2100 - Uma odisseia na cidade
Por José Alexandre Cury Sacomano
Era mais um dia de trabalho para Stanley Hall que caminhava sob a
garoa fina de São Paulo em direção à redação do maior jornal da cidade onde
trabalha- o “Metrópole S.P.”. Hall é “repórter fotográfico” desse jornal que
resiste ao tempo e, em pleno século 22, apresenta uma tiragem diária de mais
de 300 mil exemplares impressos por dia. Claro, o “papel” é uma mistura de
plásticos tratados, resinas e papel celulose, tudo reciclado. Não é mais feito de
celulose pura e a qualidade mesmo assim é muito boa... (a prova d’agua, não
amarelava, não rasgava, nem amassava e era biodegradável).

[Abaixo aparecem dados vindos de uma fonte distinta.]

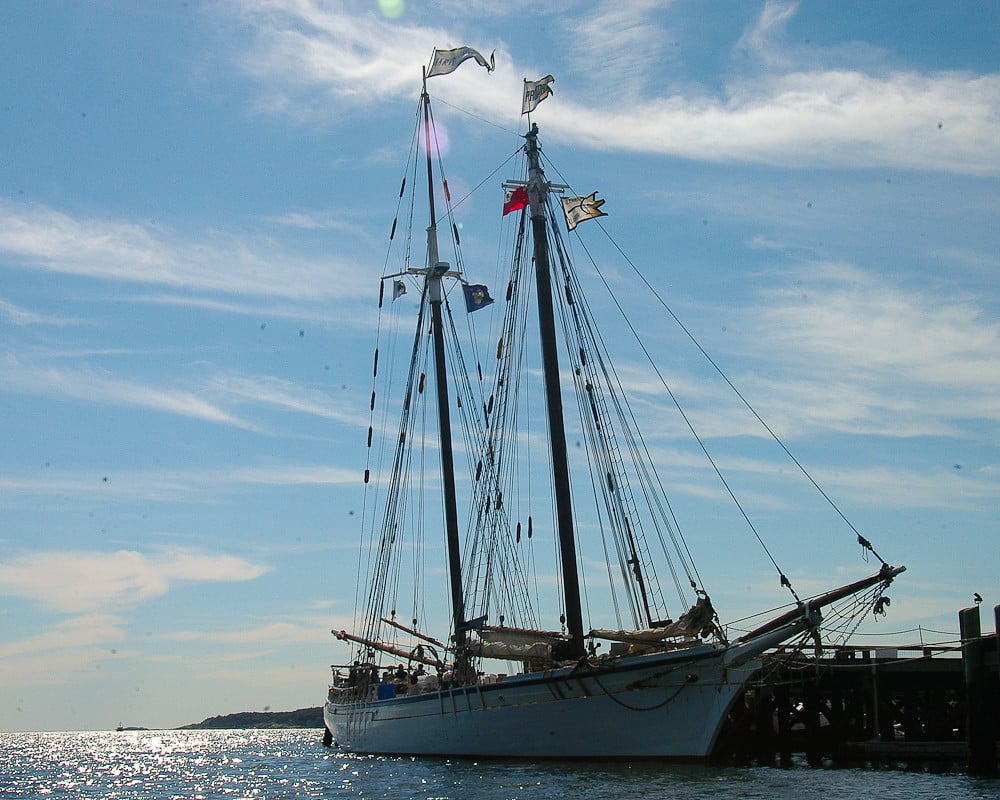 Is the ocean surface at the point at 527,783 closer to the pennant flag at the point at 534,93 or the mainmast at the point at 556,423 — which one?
the mainmast at the point at 556,423

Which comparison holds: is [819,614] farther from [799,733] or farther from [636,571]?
[799,733]

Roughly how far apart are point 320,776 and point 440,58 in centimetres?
3348

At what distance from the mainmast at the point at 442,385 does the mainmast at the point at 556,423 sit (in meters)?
16.9

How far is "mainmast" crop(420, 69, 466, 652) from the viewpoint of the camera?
217 ft

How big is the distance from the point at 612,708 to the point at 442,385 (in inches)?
1117

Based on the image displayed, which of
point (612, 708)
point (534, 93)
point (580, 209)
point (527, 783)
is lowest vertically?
point (527, 783)

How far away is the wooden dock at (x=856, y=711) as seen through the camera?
45031 mm

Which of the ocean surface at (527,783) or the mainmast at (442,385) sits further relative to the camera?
the mainmast at (442,385)

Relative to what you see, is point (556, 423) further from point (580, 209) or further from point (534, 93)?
point (534, 93)

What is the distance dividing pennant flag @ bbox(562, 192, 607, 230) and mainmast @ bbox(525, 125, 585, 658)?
2.52m

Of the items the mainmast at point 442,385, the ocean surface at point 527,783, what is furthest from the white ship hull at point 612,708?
the mainmast at point 442,385

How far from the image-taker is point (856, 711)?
48562 mm

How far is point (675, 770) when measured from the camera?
131 ft

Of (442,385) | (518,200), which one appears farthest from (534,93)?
(442,385) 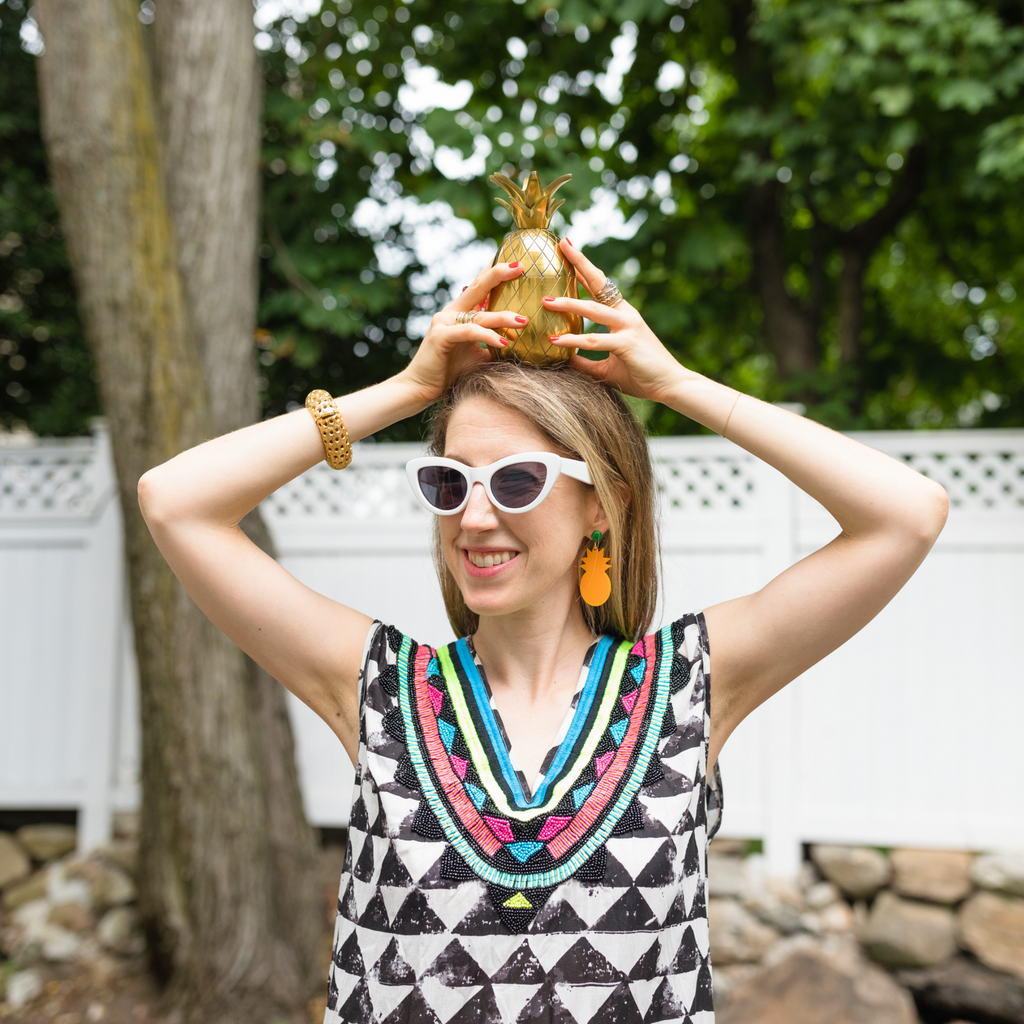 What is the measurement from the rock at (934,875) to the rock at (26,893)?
405 cm

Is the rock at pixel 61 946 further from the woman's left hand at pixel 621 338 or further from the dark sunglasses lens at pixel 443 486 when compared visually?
the woman's left hand at pixel 621 338

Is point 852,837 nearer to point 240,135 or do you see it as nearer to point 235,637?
point 235,637

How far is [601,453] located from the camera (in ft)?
4.74

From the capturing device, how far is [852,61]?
149 inches

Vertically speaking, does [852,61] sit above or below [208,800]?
above

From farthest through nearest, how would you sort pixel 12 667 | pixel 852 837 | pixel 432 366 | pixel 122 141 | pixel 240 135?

Como todo bom repórter fotográfico, Hall caminhava com seu olhar
atento observando sempre os detalhes das ruas, das pessoas, do trânsito e da
cidade de modo geral. Já eram 09h30 da manhã, e sob aquela garoa fina Hall
chegava ao jornal. Mas os repórteres fotográficos de hoje não andam mais
pela cidade com seus coletes típicos, cheios de bolsos e suas malas pretas
com o equipamento fotográfico. Acabou a figura do fotógrafo com a máquina
na mão. Hall faz diariamente a cobertura dos fatos que acontecem na cidade,
produz fotos de vários locais da cidade, mas nunca mais segurou uma máquina fotográfica.
Os fotógrafos de hoje, trabalham sem a máquina na mão e sem a necessidade de circular pela cidade.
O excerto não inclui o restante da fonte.